Preamble

Is it weird that I’m having writer’s block over this particular preamble? All there really is to say is that this is my first post about a film in yonks and that I’ve been relishing the prospect of a blank page again. With that said, have you seen Sinners? Let me know in the comments below.
Brief Consideration

Ryan Coogler’s Sinners is full of life. It bursts at the seams with community spirit, kinship and a rare reckless abandon, that’s usually reserved for vampiric antagonists in other genre pictures.
On the surface, it’s story of twin brothers, Smoke and Stack (Michael B. Jordan) returning to rural Mississippi to open a juke bar has echos of From Dusk Till Dawn.
However, unlike that film, it’s screenplay enlivens its supernatural tropes with a cultural and racial dimension. For one, the vampires absorb music and culture as a form of preservation. But because they’ve not had a lived experience of it, they can be seen as appropriating it as a form of seduction to entice future victims. As the leader of supernatural clan says to a young blues singer in the third act- “We want your music and stories.”
Even the typical convention of vampires requiring invitation to enter an establishment has racial tension. This is evident in a prolonged scene where the white vampire clan demand entry into the brothers’ bar. Along with an insert shot of KKK garb and the clan having a subtle presence, results in the racial disenchantment simmer with wily power.
Coogler’s camera work in the Black Panther movies often made my eyes roll with its quality of drawing too much attention to itself. But in Sinners, it’s ambitious and engrossing.
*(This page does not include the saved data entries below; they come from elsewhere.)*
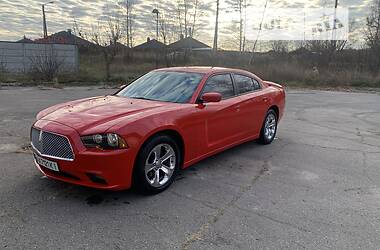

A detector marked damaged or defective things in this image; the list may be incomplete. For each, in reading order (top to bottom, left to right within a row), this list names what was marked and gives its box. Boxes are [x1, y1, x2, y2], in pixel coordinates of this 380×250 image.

cracked pavement [0, 87, 378, 249]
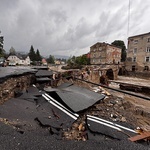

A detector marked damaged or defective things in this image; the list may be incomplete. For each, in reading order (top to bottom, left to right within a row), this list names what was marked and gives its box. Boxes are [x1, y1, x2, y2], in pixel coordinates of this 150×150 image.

slab of broken pavement [0, 66, 149, 149]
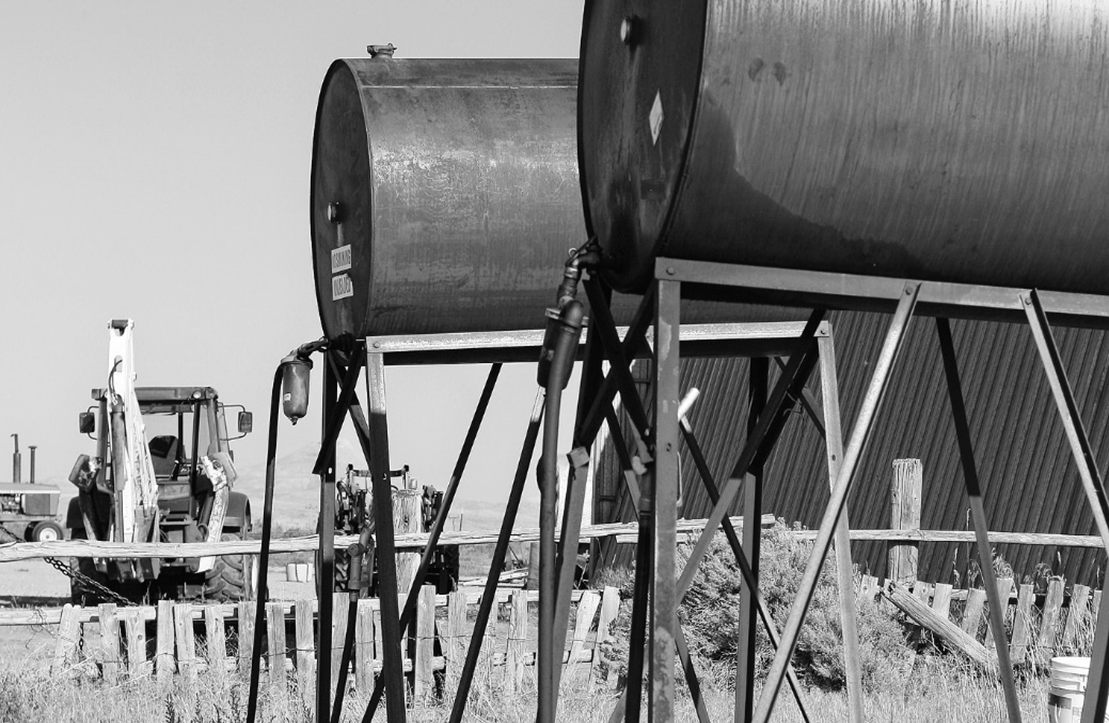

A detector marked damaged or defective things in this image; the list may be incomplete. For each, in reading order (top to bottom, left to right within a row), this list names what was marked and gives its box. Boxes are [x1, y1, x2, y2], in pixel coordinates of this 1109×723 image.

rusty tank surface [576, 0, 1109, 297]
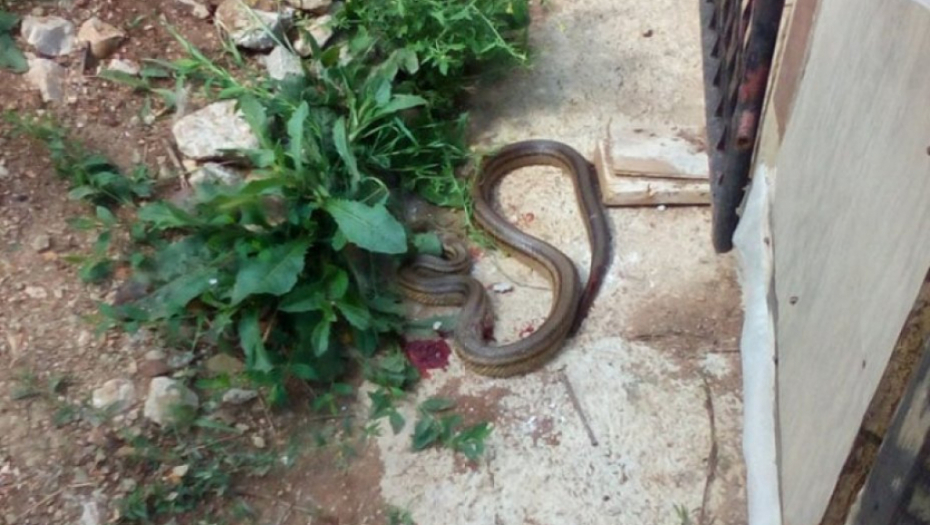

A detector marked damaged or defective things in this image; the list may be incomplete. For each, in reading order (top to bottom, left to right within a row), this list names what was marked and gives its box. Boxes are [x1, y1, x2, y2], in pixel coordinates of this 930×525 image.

rusted metal grate [696, 0, 784, 252]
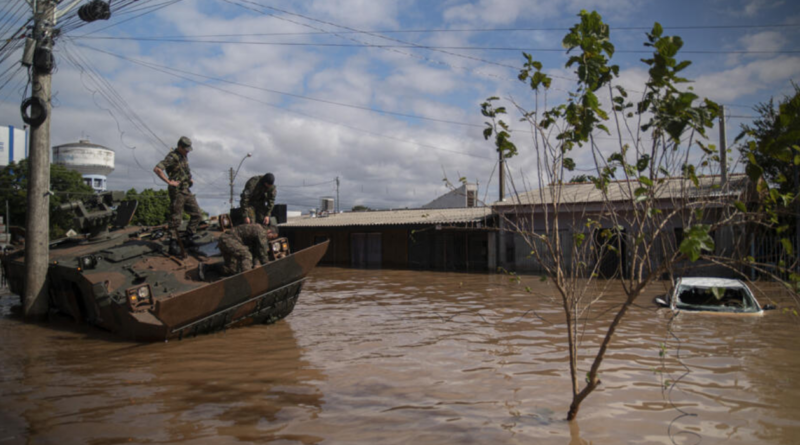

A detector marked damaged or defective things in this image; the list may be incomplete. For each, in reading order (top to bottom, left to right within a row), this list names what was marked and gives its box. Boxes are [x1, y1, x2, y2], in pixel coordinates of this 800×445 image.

damaged roof [282, 206, 494, 227]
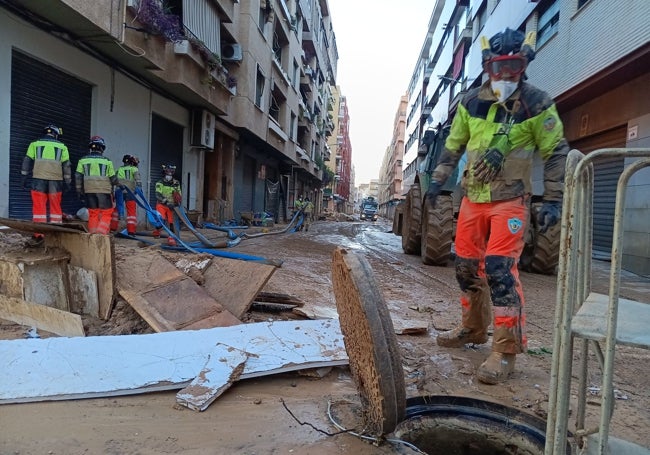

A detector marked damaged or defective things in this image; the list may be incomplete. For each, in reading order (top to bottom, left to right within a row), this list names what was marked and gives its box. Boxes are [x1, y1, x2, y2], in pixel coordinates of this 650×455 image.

damaged wood panel [0, 296, 85, 338]
damaged wood panel [43, 233, 114, 318]
damaged wood panel [115, 249, 239, 332]
damaged wood panel [200, 258, 276, 318]
damaged wood panel [0, 318, 346, 404]
damaged wood panel [175, 346, 248, 414]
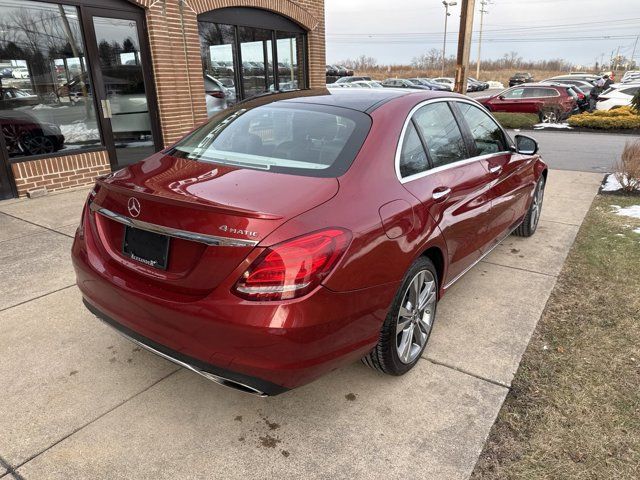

In particular, his long takes depict such a lived in quality that I could not help but feel like a passer-by. And in the sharp cross cutting, Coogler and editor Michael P. Shawver achieve a raw passion that’s animalistic in its carnal power.
In this way, Sinners makes us feel what the central creatures can’t, the lingering of the sights and senses of our youth that we carry with us to the grave.